/walletconnect-bridge

A simple Java implementation of a WalletConnect bridge server. See walletconnect.org for more information.

Primary LanguageJavaMIT LicenseMIT

Java WalletConnect Bridge

This is a simple Java implementation of a WalletConnect bridge server. If you don't know what WalletConnect is, see walletconnect.org for more information.

Motivation

My motiviation for writing this implementation is that the official server (wss://bridge.walletconnect.org) does not seem consistently reliable. Messages are often only dispatched with a considerable delay and sometimes disappear entirely. While part of that can probably be attributed to a high load, part of that is probably also attributable to some flaws in the implementation. So I decided to create our own implementation in the language I'm most fluent in.

Running the Bridge

To run the bridge, clone this git repository to your server and make sure to have Maven and Java installed.

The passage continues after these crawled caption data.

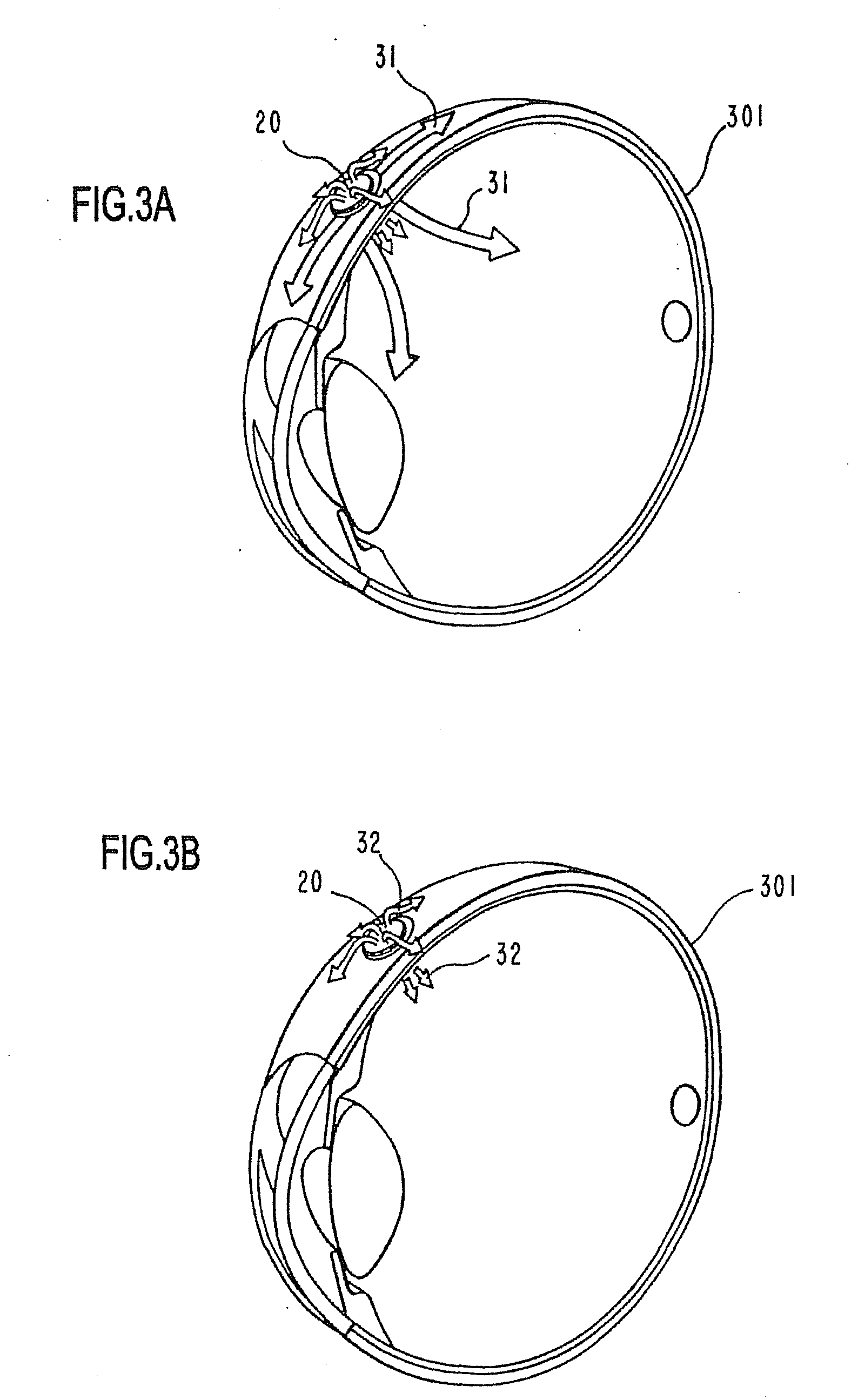 Ocular therapeutic agent delivery devices and methods for making and using such devices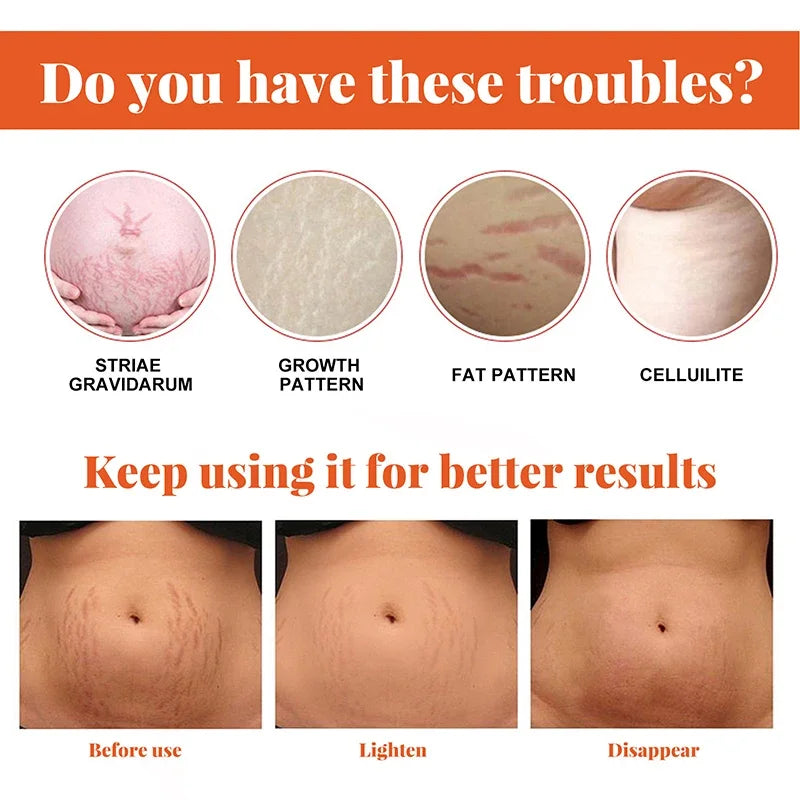 Stretch Marks Removal Cream – Anti-Aging & Skin Firming Body Treatment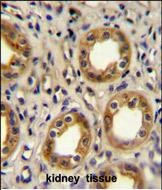 CXCR3 Antibody in Immunohistochemistry (Paraffin) (IHC (P))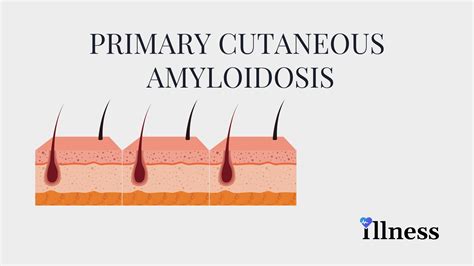 Primary Cutaneous Amyloidosis : Overview, Causes, Symptoms, Treatment ...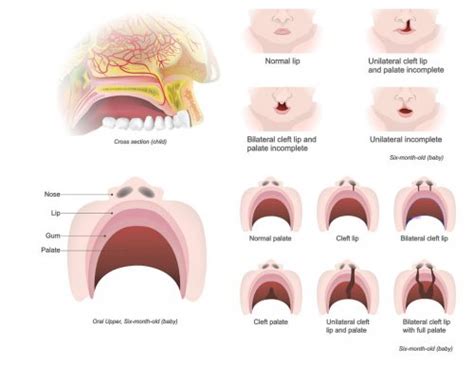 What Causes Cleft Lips and Palates? - Dell Children's Craniofacial Team of Texas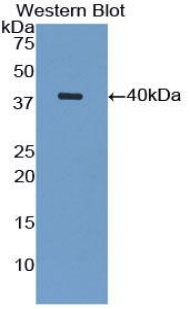 Polyclonal Antibody to Vascular Cell Adhesion Molecule 1 (VCAM1)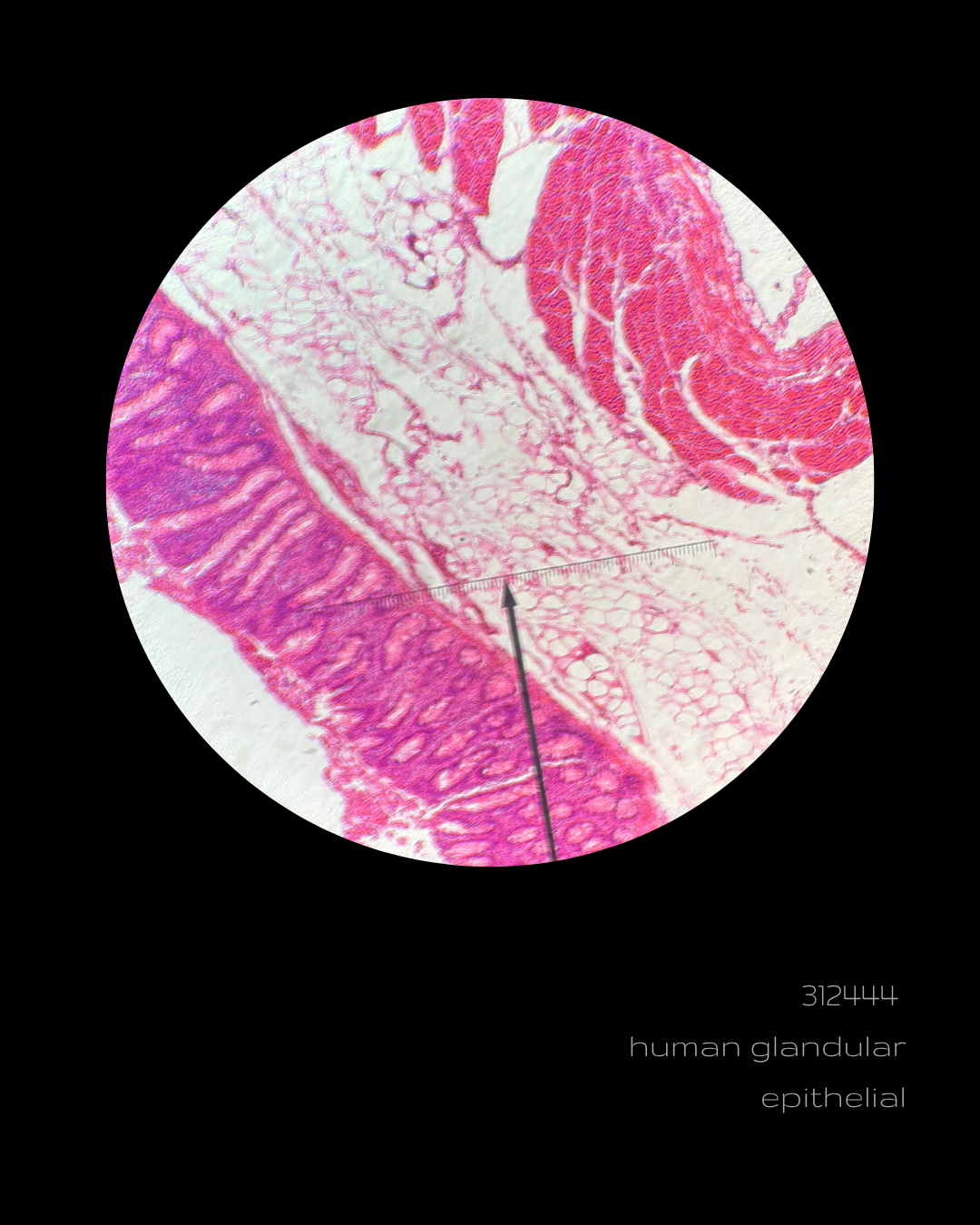 SPLICE - 312444 human glandular epithelial.png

You can then compile the project with 'mvn package' and run it with 'java -cp target/bridge.jar:target/dependency/* com.aktionariat.bridge.BridgeServer'. (Windows users should replace the colon ':' with a semicolon ';' as Windows has a different path separator.)

This spawns a local bridge server on port 8887.

Arguments:

  • -port: the port number, defaults to 8887
  • -cert: path to the keystore file, enables wss
  • -passphrase: the passphrase for the keystore file

(Since certificate handling is not so convenient in Java, it is probably easier to run Caddyserver or similar in front of the bridge instead of configuring ssl on the bridge server directly.)

Protocol

The WalletConnect bridge is functionally very simple. All it does is forwarding messages. While not officially documented, the protocol knows three types of messages: sub, pub, and ack. Each message has a 'topic' attached, so the server knows who it is intended for. Anyone can send a 'sub' message to the bridge to subscribe to the given topic. When doing so, all pending messages are sent to the subscriber. When sending a 'pub' message to the server, it is forwarded to the subscribers of the according topic. After having received such a message, most clients seem to answer with an 'ack' message.

Differences to the Reference Implementation

There are a number of differences to the reference implementation, which I'd like to point out:

  • The reference implementation keeps a list of subscribers per topic, our implementation only remembers the latest one. This is a valid simplification under the assumption that the bridge is intended to bridge two end-points with each other and is not used for broadcasting. It also eliminates a subtle problem in the reference implementation: when the reference implementation receives a pub message and finds some connections, it immediately sends the message to these connections and then forgets the message. This poses a problem in case some of these connections are stale and the client (maybe a mobile device with an unreliable connection) has to reconnect to fetch the message the user expects. Unfortunately, the message will never be received in that case as the server does not have it any more.
  • The reference implementation ignores the 'ack' messages, we use it to clear the message queue.
  • After sending one or more 'put' messages to a subscriber, we add a 'ping' message. The message queue is only cleared once the subscriber answers with the according 'pong' message. This ensures that messages are actually received and not sent to stale connections.
  • The reference implementation keeps undelivered messages indefinitely in a redis in-memory database, we drop them after 30 minutes. We do this to keep the memory footprint small. This is ok under the assumption that the use case at hand is about immediate interaction between a website and a wallet, and not for slow, email-like interactions.
  • We do not support the push server, ignoring the "silent" flag.
  • No support for the 'hello', 'status' and similar methods. But the websocket standard 'ping' is there.

For the future, we are contemplating the addition of sequence numbers in order to eliminate the unlikely possibility of a delayed ack leading to the deletion of an undelivered message.

Aktionariat Instance

We are running an instance of this server at address 'wss://bridge.aktionariat.com:8887'. Feel free to use it, but do not rely on its availability.